EPISODE 734: WE'RE ALL LIVING IN A PREQUEL...
...and the Most Chaotic Four Word Phrase Ever Written.

POP CULTURE SPIRIT WOW
I said last week I was going to write about adapting stories this week, which I now regret because I have a lot to say about the finale of Rings of Power, ha ha ha. But I live to serve, so here we go.
ADAPT THIS
People have hated the Mario Brothers movie from the moment that Chris Pratt was announced as its main character. A lot of that seems to be just the general fandom shift against Pratt that’s been going on for a minute. But then the trailer only reaffirms fan concerns. It spends a lot of time setting up the villain, and his vibe is weirdly violent. Like, there’s a sense of humor there in the middle where the penguin people are throwing snowballs, but in general there’s this super heightened sense of malevolence and destruction which feels absolutely nothing like a video game about two dudes hopping on mushrooms.

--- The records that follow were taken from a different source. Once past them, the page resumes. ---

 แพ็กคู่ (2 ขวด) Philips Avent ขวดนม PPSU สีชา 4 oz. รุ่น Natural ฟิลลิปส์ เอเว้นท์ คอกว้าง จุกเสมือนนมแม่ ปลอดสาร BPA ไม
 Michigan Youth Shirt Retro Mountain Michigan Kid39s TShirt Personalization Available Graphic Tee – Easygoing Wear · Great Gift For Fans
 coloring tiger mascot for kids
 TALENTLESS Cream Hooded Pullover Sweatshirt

Then when we finally do get to Pratt it turns out though the character is clearly Italian Pratt’s just doing his own normal voice. Which honestly may turn out to be a better choice, because is anyone going to love some kind of stereotypical Italian pizza man accent? But it, too, lacks anything that feels specifically Super Mario Brothers.
Peter Rabbit has been a big success, but for me the character is far too mature and knowing. In the books Peter Rabbit is not a loudmouth troublemaker; nor is he an adult. He’s a sweet little kid who gets into trouble and then doesn’t know what to do.

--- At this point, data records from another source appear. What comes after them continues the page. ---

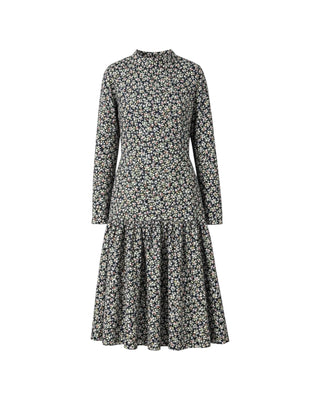 Tie Neck Tiered Knee- length Dress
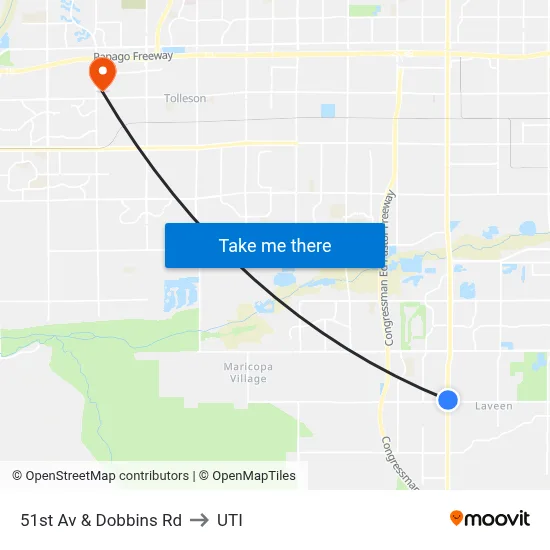 51st Av & Dobbins Rd to UTI map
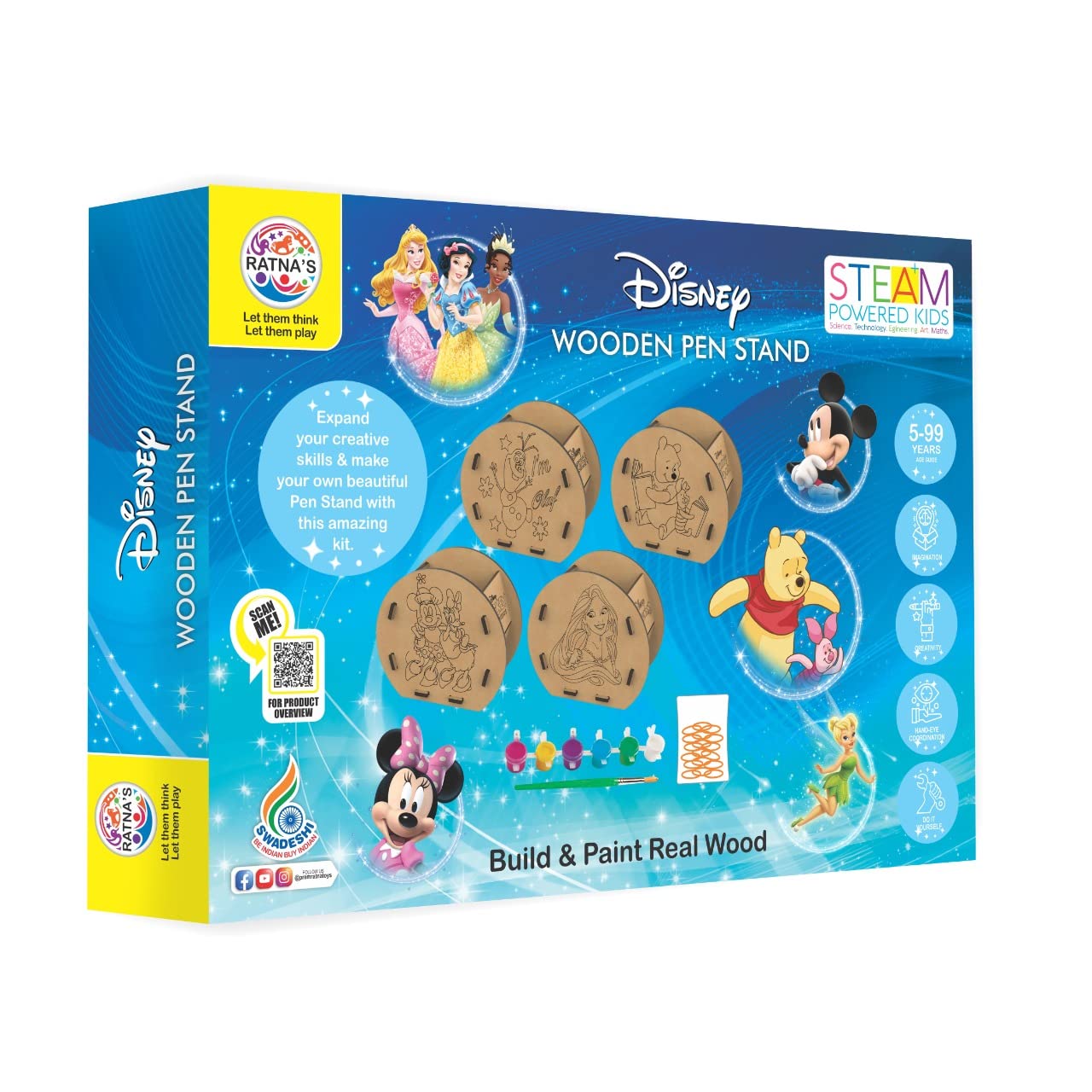 Ratna's Disney Wooden Pen Stand | Attractive DIY Paint Kit for Kids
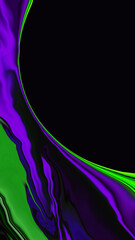 Neon green blur liquid wave on black background. Abstract defocused purple wave. Glitch pop art trippy digital screen. banner. Template. Tech texture. flyer. Virtual Reality. Carbon neutrality. Swirl
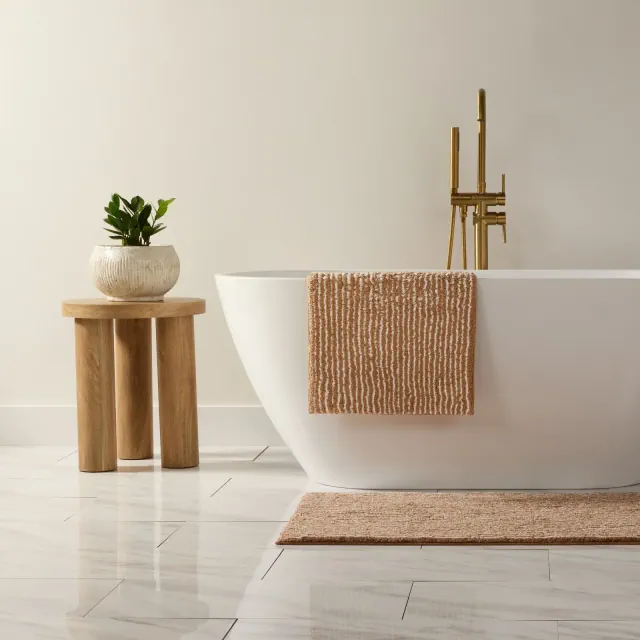 Luxury Cotton Pinstripe Bath Mat, Thick Tufted Bath Rug, Absorbent Non Slip Spa Bathroom Rug, Machine Washable - Becky Cameron, Mocha, 24" x 17"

Meanwhile you look at the HBOMax Last of Us trailer that recently dropped, and it’s pretty much picture perfect to the video game series. The characters actually look just like their game counterparts, and the scene references from the game are spot on, too.
Now HBOMax has a lot more to work with. Last of Us has a really clear narrative and set of events. Its characters also have clearly established voices. One of the troubles with adapting Peter Rabbit and Mario Brothers is that those characters pretty much never speak.

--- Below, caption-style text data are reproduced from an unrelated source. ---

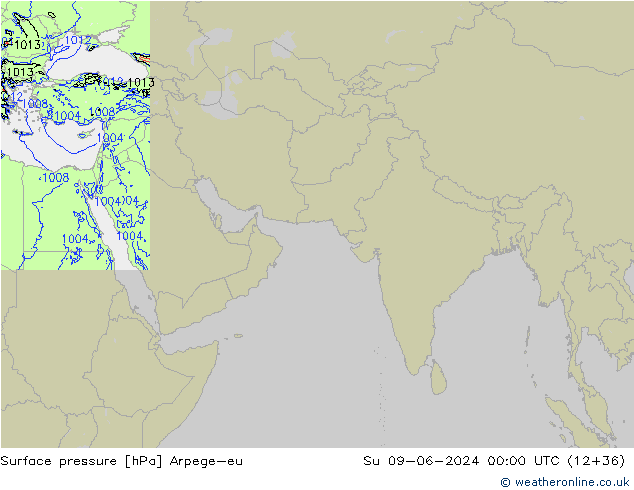 Surface pressure Arpege-eu Su 09.06.2024 00 UTC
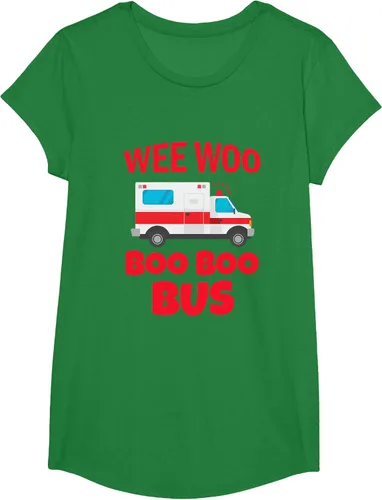 Vista 38 de Wee Woo Boo Boo Bus First Responder - Camiseta divertida de ambulancia, Negro, S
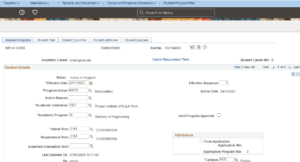 PeopleSoft Enterprise CS Student Records Version 9.2 - Student Program Plan Overview -- Fig 1: Student Program Page to track the student courses along with term and status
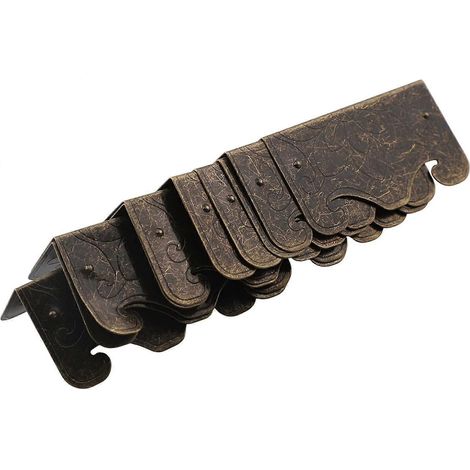 Lot de 10 équerres d'angle bronze vintage 56x30 mm, protections pieds métal pour boîtes bois, coffrets bijoux et meubles (1/5)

But even so, those stories have very clear “voices,” and it’s important that they’re heeded. Just as Last of Us needs to be grim and scary, Super Mario Brothers needs to be super playful and antic. Peter Rabbit should be innocent. But it isn’t.
OTHER VIDEO GAMES THAT COULD BE ADAPTED AND WHAT HOLLYWOOD WILL LIKELY DO TO RUIN THEM
Donkey Kong, voiced by Bryan Cranston, as a giant ape who sets out to seek revenge on humanity after his family is killed by Southern white racist hunters.
Pac-Man, voiced by Zac Efron, about a high school kid who is always hungry and late for school and just trying to meet up with the girl of his dreams when suddenly he finds himself trapped inside a terrifying haunted house full of dead bullies.
The Legend of Zelda (live action) starring Chloë Grace Moretz as a princess who is kidnapped by villains and after escaping with the slight help of some adorable kid named Link (Evan Peters) sets out to seek revenge on those villains down as she taps into a dark, bloodthirsty rage.
Space Invaders (live action)—Jennifer Lawrence stars as the president of the United States who must find a way to stop an alien invasion. Chris Pratt co-stars as the scrappy fighter pilot who promises to get it done for his momma, who was killed in the first wave.
Tetris—Scarlett Johansson stars as a T-shaped object that never quite fits with anyone else at school or at home, who discovers her real purpose when she enlists.
I found this retelling of the actual Peter Rabbit story, read by a child. It perfectly captures everything that is wrong with the movies. Also it’s wonderful.
IS THIS YOUR FINAL ANSWER?
Amazon’s mega-expensive Rings of Power concluded its first season on Friday. And it was by far the strongest episode of the season, not only because it revealed some pretty big stuff that we’ve been waiting for, but because it finally felt like the Lord of the Rings. It had some classic halfling moments; a very cool magical fight scene; a great temptation sequence that it’s kind of unclear whether the hero won or lost.
It even turned a Tolkien poem into a song at the end (and boy was it good).
The show’s creators, who had never made or been on a show before—yeah, it’s wild—have said that you can see them learning what the show should and shouldn’t be over the course of the season, and I’d say that’s pretty accurate. But watching the ep also got me thinking about the unique importance of finales in the life of a show. Rolling out a show is a little bit like writing a great script: you want nothing that pulls the audience out of the experience. Things like punctuation, spelling and proper script format are important not only because they signal whether or not you are a professional, but because they’re a distraction. And distractions break the spell.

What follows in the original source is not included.